By Brandon Moseley
Alabama Political Reporter
Stocks are soaring. Last year the major stock market indices all were up over the year and 2013 has been a banner year with the Dow up more than 10% since January 1. That has not translated to small business owners. The National Federation of Independent Business’ monthly Index of Small Business Optimism increased 1.9 points in February to 90.8 an improvement over the past several months but still below the trough of the 1991-92 and 2001-02 recessions.
Rosemary Elebash, state director of NFIB/Alabama, said what’s happening locally is a reflection of national trends. Elebash said, “The bottom line is that small, family-owned businesses still don’t have a lot of confidence. Small-business owners are still wary about where we’re headed.”
NFIB/Alabama is the state’s largest small-business association.
NFIB’s Chief Economist, Bill Dunkelberg, agreed, “While the Fortune 500 are enjoying record earnings, Main Street earnings remain depressed. Far more firms report sales down quarter over quarter than up.”
Dunkelberg said, “Washington is manufacturing one crisis after another—the debt ceiling, the fiscal cliff and the sequester,” he said. “Spreading fear and instability are certainly not a strategy to encourage investment and entrepreneurship. Three-quarters of small-business owners think that business conditions will be the same or worse in six months. The Index gained almost 2 points last month; that was good news. But, until owners’ forecast for the economy improves substantially, there will little boost to hiring and spending from the small business half of the economy.”

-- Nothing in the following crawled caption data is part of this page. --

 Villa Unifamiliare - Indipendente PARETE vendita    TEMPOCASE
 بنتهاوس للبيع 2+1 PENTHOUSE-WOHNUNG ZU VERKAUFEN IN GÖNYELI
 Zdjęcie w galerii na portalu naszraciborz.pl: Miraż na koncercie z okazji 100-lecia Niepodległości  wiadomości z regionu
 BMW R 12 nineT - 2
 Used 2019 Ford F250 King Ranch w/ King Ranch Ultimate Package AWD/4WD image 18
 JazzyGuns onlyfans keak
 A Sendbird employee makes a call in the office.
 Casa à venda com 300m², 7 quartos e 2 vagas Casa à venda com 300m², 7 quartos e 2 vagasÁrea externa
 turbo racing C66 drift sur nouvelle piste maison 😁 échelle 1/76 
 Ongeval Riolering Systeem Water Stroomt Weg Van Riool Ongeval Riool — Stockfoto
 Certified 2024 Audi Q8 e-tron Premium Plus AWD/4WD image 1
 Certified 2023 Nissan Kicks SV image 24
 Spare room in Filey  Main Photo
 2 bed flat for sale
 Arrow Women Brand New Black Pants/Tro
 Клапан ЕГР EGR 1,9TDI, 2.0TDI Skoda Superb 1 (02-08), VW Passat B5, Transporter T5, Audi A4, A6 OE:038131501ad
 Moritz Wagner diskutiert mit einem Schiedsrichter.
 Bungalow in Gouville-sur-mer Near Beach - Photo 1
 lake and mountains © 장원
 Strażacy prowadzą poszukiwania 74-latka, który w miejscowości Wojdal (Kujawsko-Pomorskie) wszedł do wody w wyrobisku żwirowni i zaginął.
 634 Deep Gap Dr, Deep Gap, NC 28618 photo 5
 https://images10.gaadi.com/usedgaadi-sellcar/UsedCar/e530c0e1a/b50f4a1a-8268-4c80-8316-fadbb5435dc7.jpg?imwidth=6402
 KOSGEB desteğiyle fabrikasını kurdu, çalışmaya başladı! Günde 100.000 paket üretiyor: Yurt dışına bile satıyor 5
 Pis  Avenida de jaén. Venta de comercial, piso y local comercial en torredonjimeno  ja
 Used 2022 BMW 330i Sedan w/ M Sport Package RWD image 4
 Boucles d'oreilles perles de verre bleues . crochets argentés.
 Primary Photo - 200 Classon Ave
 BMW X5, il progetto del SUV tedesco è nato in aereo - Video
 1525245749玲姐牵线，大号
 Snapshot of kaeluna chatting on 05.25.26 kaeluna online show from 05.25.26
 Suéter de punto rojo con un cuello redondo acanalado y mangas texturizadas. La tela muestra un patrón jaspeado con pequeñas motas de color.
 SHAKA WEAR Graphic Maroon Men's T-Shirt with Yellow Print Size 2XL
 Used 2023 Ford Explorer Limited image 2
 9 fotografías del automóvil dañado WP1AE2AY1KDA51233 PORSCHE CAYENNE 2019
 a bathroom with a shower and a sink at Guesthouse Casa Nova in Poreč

Business owners reported that weak sales is still the top business problem. The net percentage of business owners reporting higher nominal sales over the past three months was unchanged in February, at a negative 9 percent. More owners reported declining sales than reported positive sales trends.
13% of small employers reported profits higher quarter to quarter while 43 percent reported profits falling.
Both the Dow and the S&P 500 posted record highs this week.
The gains have come after strong corporate earnings reports, and has been driven by accommodative monetary policy from the Federal Reserve. Concerns remain however over U.S. government gridlock, overseas economic weakness, and the growing federal debt.
Stock mutual funds continued to attract cash in February. Bond funds also drew new money despite near record low interest rates. In January and February a net $32 billion has flowed into stock mutual funds. Net deposits into bond funds totaled $64 billion in the first two months of 2013.